Faruqui’s case shows that in India, the world’s most populous democracy, “the judiciary sometimes looks at the accused, not the accusation,” said Sanjay Hegde, a prominent lawyer who is not involved in the case.

The man who accosted him onstage, Eklavya Gaur, is the son of a local leader associated with the ruling BJP. Gaur is the leader of a group called the Hind Rakshak Sangathan, one of many hard-line Hindu organizations that have risen to prominence under Modi’s government and claim to defend the faith.

A video shot by an audience member shows Gaur addressing the crowd, saying: “This is Munawar Faruqui. He makes fun of our gods and goddesses and you pay to watch his shows. Don’t you have any shame?”

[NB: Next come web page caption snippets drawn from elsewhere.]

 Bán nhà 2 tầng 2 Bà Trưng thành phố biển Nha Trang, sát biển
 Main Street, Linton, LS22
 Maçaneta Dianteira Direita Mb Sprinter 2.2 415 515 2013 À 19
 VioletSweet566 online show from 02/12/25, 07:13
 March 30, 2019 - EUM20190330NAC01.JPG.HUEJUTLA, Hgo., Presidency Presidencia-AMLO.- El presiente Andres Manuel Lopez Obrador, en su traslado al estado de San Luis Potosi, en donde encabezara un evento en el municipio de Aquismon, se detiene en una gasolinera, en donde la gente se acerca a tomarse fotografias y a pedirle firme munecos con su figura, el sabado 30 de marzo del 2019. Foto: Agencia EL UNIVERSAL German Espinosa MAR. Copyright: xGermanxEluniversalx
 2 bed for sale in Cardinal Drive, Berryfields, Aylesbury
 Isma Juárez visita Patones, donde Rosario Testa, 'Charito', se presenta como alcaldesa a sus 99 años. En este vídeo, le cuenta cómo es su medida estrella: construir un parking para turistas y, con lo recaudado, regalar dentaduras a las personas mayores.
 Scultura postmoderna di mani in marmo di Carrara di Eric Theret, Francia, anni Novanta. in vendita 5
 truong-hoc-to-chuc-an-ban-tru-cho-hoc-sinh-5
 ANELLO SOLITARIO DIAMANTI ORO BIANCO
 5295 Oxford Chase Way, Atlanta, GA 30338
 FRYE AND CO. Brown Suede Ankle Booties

“Sir,” Faruqui responded calmly, “I don’t target anyone. I have made jokes about Islam. I have also made jokes about triple talaq” — a practice, until recently legal in India, by which a Muslim man could divorce his wife merely by uttering (or texting) the word three times.

Gaur said he didn’t care; he accused Faruqui of mocking Ram, a Hindu god, which he found unacceptable. Gaur appeared to be referring to a joke, seen in a clip online, about a classic Bollywood love song in which a woman invokes Ram to celebrate her husband returning home.

Faruqui joked in English: “Ram-ji doesn’t give a — about your husband.”

Indian Prime Minister Narendra Modi’s ruling party has cracked down on critics, including entertainers and journalists.

(Manish Swarup / Associated Press)

In a complaint filed with Indore police, Gaur accused Faruqui of “deliberately intending to outrage religious feelings,” a criminal offense punishable by up to four years in prison.

Faruqui’s lawyer, Anshuman Srivastava, said Faruqui did not perform that joke in Indore, and that Gaur has alleged only that he “overheard” him practicing the line.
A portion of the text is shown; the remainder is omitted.